With that tantalizing first paragraph, author Jo Ann Beard establishes the wry, observant voice of her 14-year-old narrator and ensures that smitten readers will follow her tale - wherever it's headed.

In Zanesville turns out to be a brisk, rewarding journey through adolescence in the American heartland circa 1970 with the unnamed narrator and her best friend Felicia - "Flea" for short - as our guides.

"Being a teenager so far hasn't gotten me anything beyond period cramps and nameless yearning, which I had as kid, too, but this is a new kind of nameless yearning that has boys attached to it," the heroine observes.

Beard, author of The Boys of My Youth, a collection of autobiographical essays, sets her debut novel in Zanesville, Ill., which the narrator calls "the farm implement capital of the world."

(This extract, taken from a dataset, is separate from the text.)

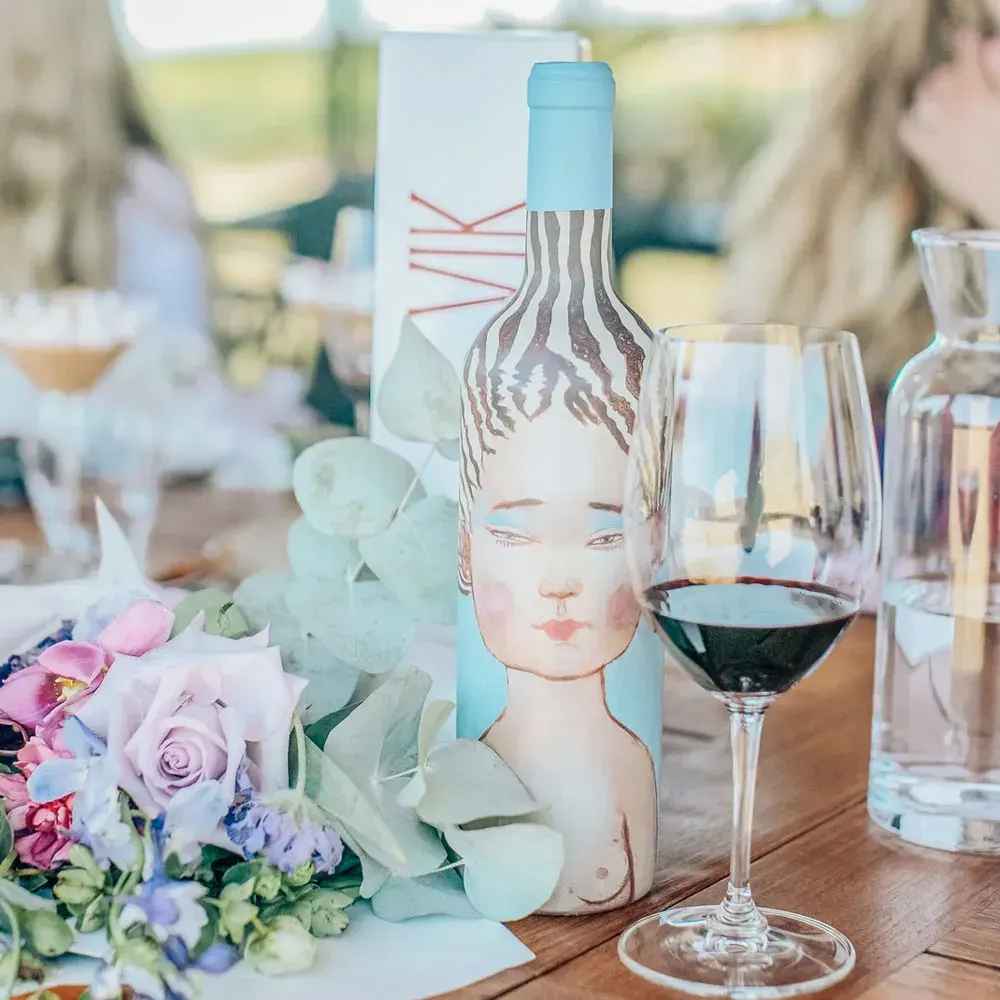 Vino Vik La Piu Belle, Ensamblaje2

By turns hilarious, scary, and moving, it's a tale of the friendship, angst, and growing pains of two dreamy teens. The pair try to negotiate family dramas while teetering between childhood and the strange, baffling terrain of adulthood. Their bodies are changing, their emotions are in turmoil, and they are too young to drive.

"I wish my mother wouldn't mention bras in front of my father; I don't know how much he knows or doesn't know about certain matters," the narrator confides. "My mother's own bras are large quilted things that I used to think were funny. Now when I see them on the laundry table, one cup folded into the other, I have a sense of impending doom. It's like being on your way to the Alps and knowing that when you get there you'll have to wear lederhosen."

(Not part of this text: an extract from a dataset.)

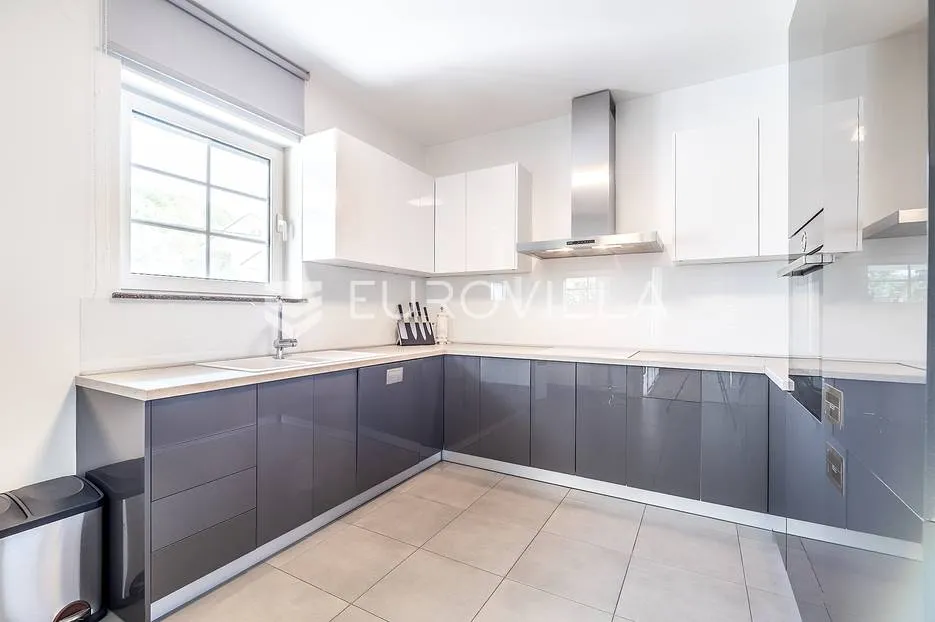 zagreb, jelekovići, prekrasna vila nkp 303,5 m2 na parceli 1786 m2 - slika 12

The narrator's family includes an older sister, Meg; 7-year-old brother Raymond; a hardworking mother; and a dad with a drinking problem.

" 'I'll say this about that!' my dad shouts again," the narrator reports. "It's one of his famous drunk sayings, and he will repeat it anywhere from twenty to fifty-five times before my mother makes him stop."

The novel begins in the summer between eighth and ninth grades when the 14-year-olds endure a series of misadventures in babysitting, caring for the six children of a couple who daily ride off on motorcycles in matching "King Dong" leather jackets. The teens rescue a trio of abandoned kittens, hold sleepovers in a canvas-covered camper, and slip out at night without qualms to wander the streets of a hometown that is small enough they not only know their neighbors but can name all their dogs.

Self-described late bloomers, the duo exchange witty sayings, drop literary references, speculate about sex, and sometimes speak to each other in improvised British accents apparently borrowed from the 1968 movie musical Oliver!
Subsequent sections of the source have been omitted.